Üre, nemlendirici etkiye sahip olmanın yanı sıra, cildi nazikçe soyar ve bu sorunlu cilt üzerinde çok iyi etki yapar. Aloe vera jeli, nemlendirmenin yanı sıra iltihap önleyici etkiye sahiptir, bu da yağlı cilt için çok faydalıdır.
Güneşten korunma
Güneş ışınları, yağlı cildin durumunu geçici olarak iyileştirebilir, çünkü güneş ışınları etkisiyle biraz kurur, ancak uzun vadede durumu kötüleşir, çünkü güneş etkisiyle kalınlaşır.
Bu nedenle, sorunlu cildi güneşten korumak için güneş koruyucu ürünler kullanmak daha iyidir.
Sorunlu cilt için profilaktik bakım ürünlerinde hangi bileşenler bulunmalıdır
Nemlendirici bileşenler ve faydalı bitkisel yağlar hakkında daha önce bahsedilmiştir. Ayrıca, kozmetik ürünlerin içeriğinde aşağıdaki bileşenleri arayın:
- Benzoil peroksit. Akneye karşı etkili bir araçtır, etkinliği klinik deneylerle kanıtlanmıştır. Keratolitik ve antibakteriyel etkiye sahiptir.
- Azelaik asit. Antimikrobiyal aktiviteye sahiptir ve keratolitik etkiye sahiptir. Retinoidlerle iyi uyumludur.
- Glikolik asit. Meyve asitleri grubuna aittir.
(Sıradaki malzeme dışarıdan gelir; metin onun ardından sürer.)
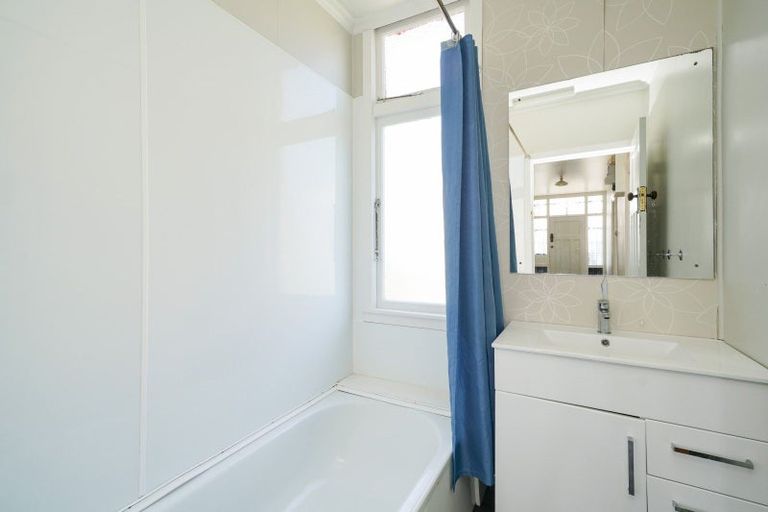 Photo of property in 198 Nith Street, Appleby, Invercargill, 9812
Eksfoliativ ve nemlendirici bir ürün olarak kullanılır.
- Salisilik asit. Eksfoliativ ve iltihap önleyici etkiye sahiptir, evde kullanılan preparatlarda %2’ye kadar konsantrasyonda kullanılabilir, fotosensibilizasyona neden olmaz, ancak cildi kurutabilir.
- Kükürt ve rezorsin. Eksfoliativ ve antibakteriyel etkiye sahiptir.
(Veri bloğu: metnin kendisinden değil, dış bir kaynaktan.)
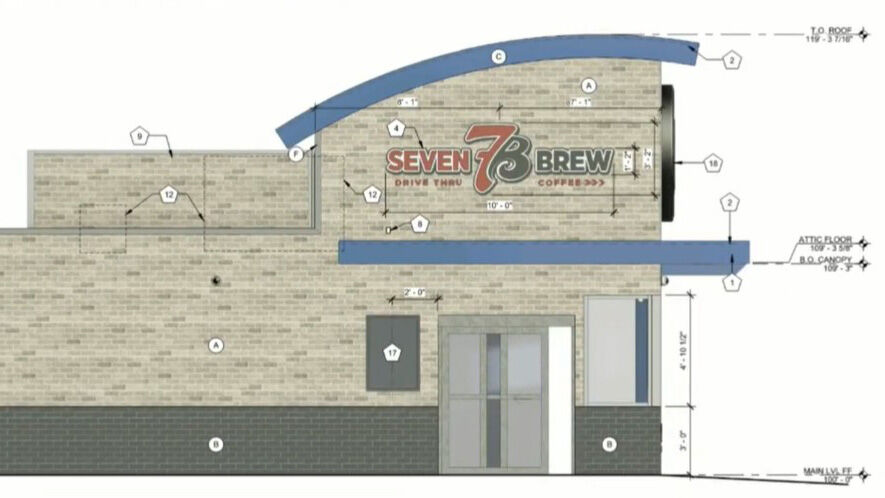 7 Brew facade change.jpg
- Çinko. Yağ bezlerinin çalışmasını normalleştirir. Kükürt ve rezorsin ile birlikte özellikle etkilidir.
- Kil. Yağlı cildi normalleştirmek için etkili bir araçtır. Cilt bariyerine zarar vermez.
- İltihap önleyici etkiye sahip bitki ekstraktları: papatya, calendula, ısırgan, huş tomurcukları, deniz yosunu. Birçok bitki sadece iltihap önleyici özelliklere sahip olmakla kalmaz, aynı zamanda sivilce oluşumuna neden olan enzimleri inhibe eder.
Kozmetik ürünler cilde sadece dışarıdan etki yapmasına rağmen, döküntülerin tedavisi ve ortaya çıkışını önlemek için önemli bir bileşendir. Özel temizlik ürünleri, tonikler, kremler ve maskeler cilt durumunu önemli ölçüde iyileştirir ve akne hastalığının tekrar ortaya çıkmasını önler.